▶ Problem details:
Starting at the first line of the entries below, output every line exactly, up to and including the line with "Hà Việt Dũng".

Dataset items:
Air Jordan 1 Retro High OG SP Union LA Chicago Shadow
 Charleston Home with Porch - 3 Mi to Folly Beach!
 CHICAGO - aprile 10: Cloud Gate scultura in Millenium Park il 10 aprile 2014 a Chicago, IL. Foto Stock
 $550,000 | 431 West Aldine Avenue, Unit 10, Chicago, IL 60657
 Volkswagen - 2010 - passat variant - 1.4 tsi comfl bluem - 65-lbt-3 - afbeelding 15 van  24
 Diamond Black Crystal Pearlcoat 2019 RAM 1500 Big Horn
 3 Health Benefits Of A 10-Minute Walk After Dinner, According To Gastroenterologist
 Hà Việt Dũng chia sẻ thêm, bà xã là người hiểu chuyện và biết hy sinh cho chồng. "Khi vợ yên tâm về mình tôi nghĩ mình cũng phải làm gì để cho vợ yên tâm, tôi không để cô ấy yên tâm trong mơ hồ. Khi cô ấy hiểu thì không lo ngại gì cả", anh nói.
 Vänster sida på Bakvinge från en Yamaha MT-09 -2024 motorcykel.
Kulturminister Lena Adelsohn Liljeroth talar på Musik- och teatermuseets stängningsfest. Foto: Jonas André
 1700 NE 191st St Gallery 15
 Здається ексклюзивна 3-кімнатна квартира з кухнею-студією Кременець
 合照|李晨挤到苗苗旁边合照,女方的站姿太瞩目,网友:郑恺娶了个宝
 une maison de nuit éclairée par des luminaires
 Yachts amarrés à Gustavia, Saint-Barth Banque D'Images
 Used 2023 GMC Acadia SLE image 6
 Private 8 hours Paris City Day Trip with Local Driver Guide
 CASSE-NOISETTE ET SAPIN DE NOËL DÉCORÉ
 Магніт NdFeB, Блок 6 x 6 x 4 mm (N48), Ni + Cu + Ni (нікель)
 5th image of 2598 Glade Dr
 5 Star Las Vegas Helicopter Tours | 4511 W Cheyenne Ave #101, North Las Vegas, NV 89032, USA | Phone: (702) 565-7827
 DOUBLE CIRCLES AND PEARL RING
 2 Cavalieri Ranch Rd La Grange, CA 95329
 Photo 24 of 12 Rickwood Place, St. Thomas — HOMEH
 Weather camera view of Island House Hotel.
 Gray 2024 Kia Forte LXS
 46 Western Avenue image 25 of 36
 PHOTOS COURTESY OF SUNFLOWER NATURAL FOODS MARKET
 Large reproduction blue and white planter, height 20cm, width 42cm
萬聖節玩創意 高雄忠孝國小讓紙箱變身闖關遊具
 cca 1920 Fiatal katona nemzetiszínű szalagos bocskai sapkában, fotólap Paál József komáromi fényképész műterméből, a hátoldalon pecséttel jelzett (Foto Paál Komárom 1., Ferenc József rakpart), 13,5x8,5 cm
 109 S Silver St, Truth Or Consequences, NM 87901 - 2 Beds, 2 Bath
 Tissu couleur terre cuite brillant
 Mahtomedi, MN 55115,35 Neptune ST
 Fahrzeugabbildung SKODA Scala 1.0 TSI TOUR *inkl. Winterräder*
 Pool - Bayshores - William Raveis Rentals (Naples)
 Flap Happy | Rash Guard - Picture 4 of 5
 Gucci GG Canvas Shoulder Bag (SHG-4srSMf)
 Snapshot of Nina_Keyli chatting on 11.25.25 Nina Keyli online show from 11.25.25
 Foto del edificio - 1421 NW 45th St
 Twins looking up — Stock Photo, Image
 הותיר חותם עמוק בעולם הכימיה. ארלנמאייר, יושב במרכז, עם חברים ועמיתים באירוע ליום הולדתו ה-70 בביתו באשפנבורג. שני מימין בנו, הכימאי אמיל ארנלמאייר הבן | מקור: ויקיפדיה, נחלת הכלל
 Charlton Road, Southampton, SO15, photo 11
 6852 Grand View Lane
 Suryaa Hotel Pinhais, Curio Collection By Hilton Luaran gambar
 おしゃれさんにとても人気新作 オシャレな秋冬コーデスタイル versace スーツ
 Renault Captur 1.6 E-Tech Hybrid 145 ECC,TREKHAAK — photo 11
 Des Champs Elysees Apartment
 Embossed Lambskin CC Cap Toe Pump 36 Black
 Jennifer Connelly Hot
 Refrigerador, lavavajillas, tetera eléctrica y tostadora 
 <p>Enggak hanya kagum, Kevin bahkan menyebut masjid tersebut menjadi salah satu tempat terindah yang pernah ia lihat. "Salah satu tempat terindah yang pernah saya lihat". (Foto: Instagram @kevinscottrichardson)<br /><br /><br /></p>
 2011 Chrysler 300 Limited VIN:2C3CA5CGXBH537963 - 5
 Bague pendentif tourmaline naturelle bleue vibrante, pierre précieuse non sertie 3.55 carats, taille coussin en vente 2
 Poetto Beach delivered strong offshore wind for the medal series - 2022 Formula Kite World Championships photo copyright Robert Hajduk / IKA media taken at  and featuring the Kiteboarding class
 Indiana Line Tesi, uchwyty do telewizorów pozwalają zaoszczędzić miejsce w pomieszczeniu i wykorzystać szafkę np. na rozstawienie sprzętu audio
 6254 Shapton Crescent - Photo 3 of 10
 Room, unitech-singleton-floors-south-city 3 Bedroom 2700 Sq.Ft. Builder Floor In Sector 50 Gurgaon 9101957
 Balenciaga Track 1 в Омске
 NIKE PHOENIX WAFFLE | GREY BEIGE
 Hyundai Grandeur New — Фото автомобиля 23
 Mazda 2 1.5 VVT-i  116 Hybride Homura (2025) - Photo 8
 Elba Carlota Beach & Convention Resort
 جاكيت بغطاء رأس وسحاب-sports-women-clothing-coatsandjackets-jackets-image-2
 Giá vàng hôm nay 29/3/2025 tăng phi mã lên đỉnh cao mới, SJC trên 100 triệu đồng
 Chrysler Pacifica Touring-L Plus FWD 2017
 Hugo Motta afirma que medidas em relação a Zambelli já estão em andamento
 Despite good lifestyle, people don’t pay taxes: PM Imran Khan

▶ Answer to this problem:
Air Jordan 1 Retro High OG SP Union LA Chicago Shadow
 Charleston Home with Porch - 3 Mi to Folly Beach!
 CHICAGO - aprile 10: Cloud Gate scultura in Millenium Park il 10 aprile 2014 a Chicago, IL. Foto Stock
 $550,000 | 431 West Aldine Avenue, Unit 10, Chicago, IL 60657
 Volkswagen - 2010 - passat variant - 1.4 tsi comfl bluem - 65-lbt-3 - afbeelding 15 van  24
 Diamond Black Crystal Pearlcoat 2019 RAM 1500 Big Horn
 3 Health Benefits Of A 10-Minute Walk After Dinner, According To Gastroenterologist
 Hà Việt Dũng chia sẻ thêm, bà xã là người hiểu chuyện và biết hy sinh cho chồng. "Khi vợ yên tâm về mình tôi nghĩ mình cũng phải làm gì để cho vợ yên tâm, tôi không để cô ấy yên tâm trong mơ hồ. Khi cô ấy hiểu thì không lo ngại gì cả", anh nói.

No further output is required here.